Who's really ahead?
Analysis of polling approaches on Scottish Independence voting intention
Denis Donoghue
8/16/20235 min read
In a previous post I gave a basic description of how polls work and some of the key factors that influence their accuracy and outcomes. This post builds on that to look at how accurate (or inaccurate) different approaches to weighting polling samples are. One key point of contention relates to whether or not current polls on a second independence referendum should use the 2014 Yes/No split as a basis for weighting. I have looked at this issue using three different approaches, which all suggest that polls using 2014 weighting overstate the support for the unionist (No) side.
The basic premise for this inaccuracy, is the age profile of 2014 voters combined with the passage of time. Studies of the 2014 vote (and subsequent polling) show that older voters were more likely to support the status quo. The Scottish Referendum Study showed that 58.3% of 25 to 34 year olds voted Yes, while among 35 to 44 year olds, 59.2% voted Yes. This compares to only 35.9% of those aged 65 or older. By modelling mortality rates by age group using data from the National Registers of Scotland, we can estimate that of the 512,000 people who've died since 2014, almost two thirds of them would be No voters (64%). This would mean a reduction in the 55.3%/44.7% split of the 2014 vote to 53.8%/46.2%; a narrowing of the gap by three points. So, even before we consider polling approaches and sampling accuracy we can estimate a demographic narrowing effect of three points.
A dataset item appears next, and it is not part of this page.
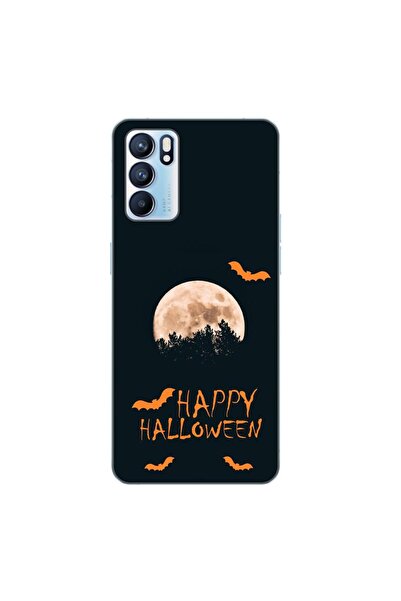 OEM Калъф, съвместим с Oppo Reno6 5G, силиконов гел TPU, с десен  "Честит Хел...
Meanwhile, more new voters enter the electorate with each year that passes, changing the balance of the electorate, and reducing the sway of 2014 voters. My most recent estimate of those who didn't vote in 2014 is around 1.4 million registered voters, making up 27% of the electorate. My modelling of the current makeup of the electorate (based on 2014) is 39% No voters, 34% Yes voters and 27% who did not vote in 2014. This is not hugely different from the unweighted samples in Yougov Indyref2 polls (shown below).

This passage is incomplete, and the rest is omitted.